Il sortit de la pièce en courant, laissant sa tablette sur la table basse.
Elle n'était pas verrouillée.
Mes mains tremblaient en la saisissant. Une fenêtre de discussion était ouverte. La conversation était entre lui et Chloé. Mes yeux parcoururent les messages, chaque mot un nouveau tour de couteau dans la plaie.
Chloé : Tu as vu sa tête ? Impayable. Elle est complètement brisée.
Cédric : Elle est plus forte qu'elle en a l'air. Mais plus pour longtemps.
Chloé : La situation du vieux est réglée ? Les médecins commencent à s'impatienter.
Cédric : Ne t'inquiète pas. Je leur ai donné pour instruction de le maintenir dans un état stable, mais d'arrêter tous les soins intensifs. Un peu de négligence médicale, et le tour est joué. Il sera bientôt parti, et Lefèvre Innovations sera entièrement à nous.
Chloé : Parfait. Et quand tu auras fini de jouer avec ta petite taularde, tu seras enfin tout à moi.
Cédric : Je l'ai toujours été, Chloé. Toujours.
Un froid glacial s'installa en moi. Ce n'était pas seulement de la trahison. C'était un meurtre. Ils étaient en train de tuer mon père.
Je laissai tomber la tablette comme si elle était en feu. J'ai traversé la maison en titubant jusqu'à ce que je trouve la chambre qu'il m'avait préparée. C'était une réplique parfaite de mon ancienne chambre, remplie de mon matériel de dessin, de mes livres, de ma vie. C'était une parodie.
J'ai vu la photo encadrée sur ma table de chevet. Une photo de Cédric et moi, prise lors de notre premier anniversaire. Nous souriions, heureux. Amoureux. Un mensonge.
Avec un sanglot étranglé, j'ai attrapé le cadre et l'ai fracassé contre le mur. Le verre vola en éclats.
J'ai saccagé la pièce comme une tornade, détruisant tout ce qui me rappelait lui, nous. J'ai brisé mes stylets numériques, mes outils de travail, la chose même que Chloé m'avait enviée. J'ai déchiré les lettres d'amour qu'il m'avait envoyées en prison, chaque mot d'affection une blague cruelle.
La porte s'ouvrit à la volée. Cédric se tenait là, le visage furieux. « Mais qu'est-ce que tu fous ? »
Je me suis tournée vers lui, la poitrine haletante. « Je me débarrasse des ordures. »
« Tu es folle ? »
« Peut-être », dis-je, un calme étrange m'envahissant. « Les médecins de la prison ont dit que le cancer dans mon cerveau pouvait provoquer des sautes d'humeur. »
Sa colère vacilla, remplacée par une lueur de... quelque chose. Ce n'était pas de l'inquiétude. C'était de l'agacement. Une autre complication dans son plan parfait.
Il essaya de me prendre dans ses bras. « Aaliyah, ma chérie... »

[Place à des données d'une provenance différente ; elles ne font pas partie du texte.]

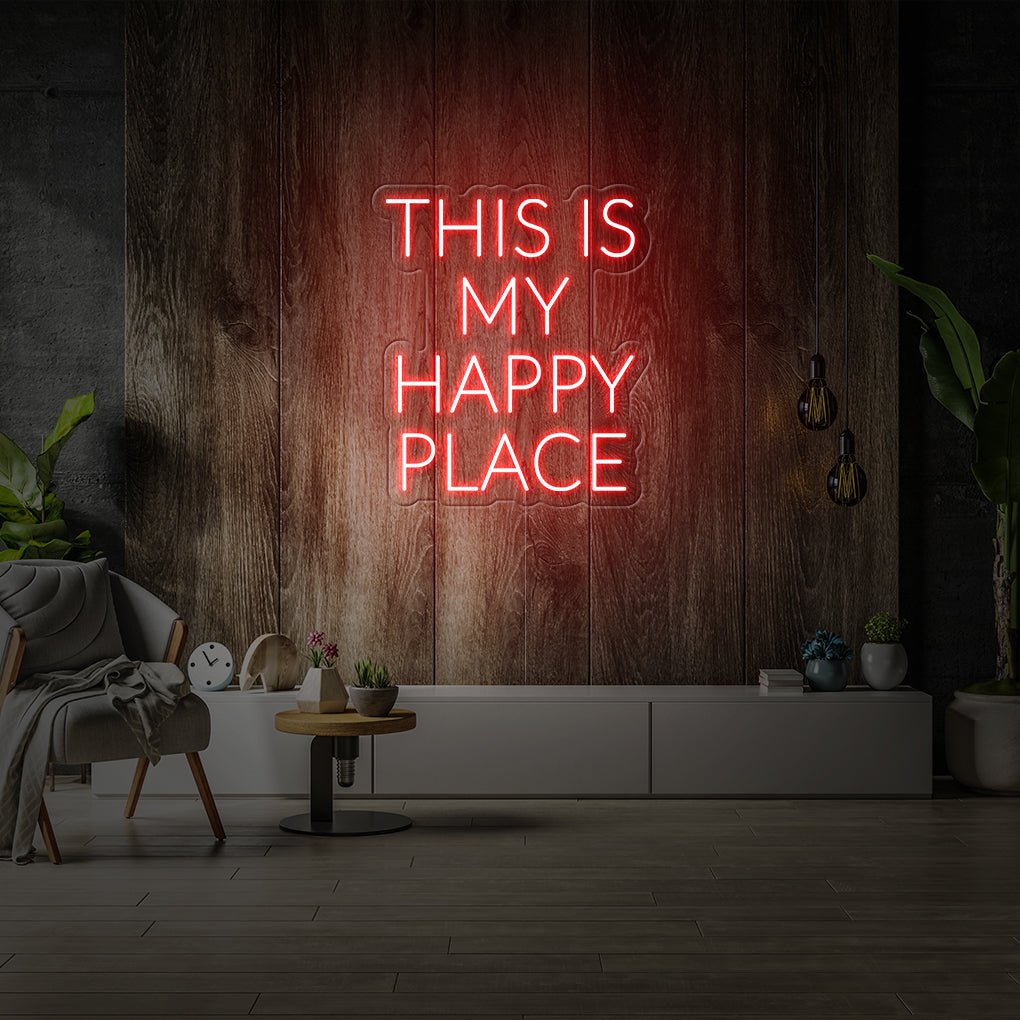 'This Is My Happy Place' LED Neon Sign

Je le repoussai. « Ne me touche pas. »
Son téléphone sonna de nouveau. Il jeta un coup d'œil à l'identifiant de l'appelant, puis à moi, la mâchoire crispée d'irritation. C'était Chloé. Bien sûr que c'était Chloé.
« Reste ici », ordonna-t-il, et il sortit en fermant la porte derrière lui.

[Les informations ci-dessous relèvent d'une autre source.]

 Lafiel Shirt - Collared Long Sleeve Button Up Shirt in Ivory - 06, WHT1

Je m'effondrai sur le sol au milieu des débris de mon passé. Une alerte d'information illumina l'écran de sa tablette oubliée. C'était une retransmission en direct d'un événement sur tapis rouge. Et là, il y avait Cédric, souriant aux caméras, avec Chloé Lambert à son bras. Le titre disait : « Le magnat de la tech Cédric de Villiers et l'artiste Chloé Lambert : le couple de pouvoir ultime ? »
Ils n'essayaient même plus de se cacher. Je n'étais qu'un fantôme dans leur histoire triomphale.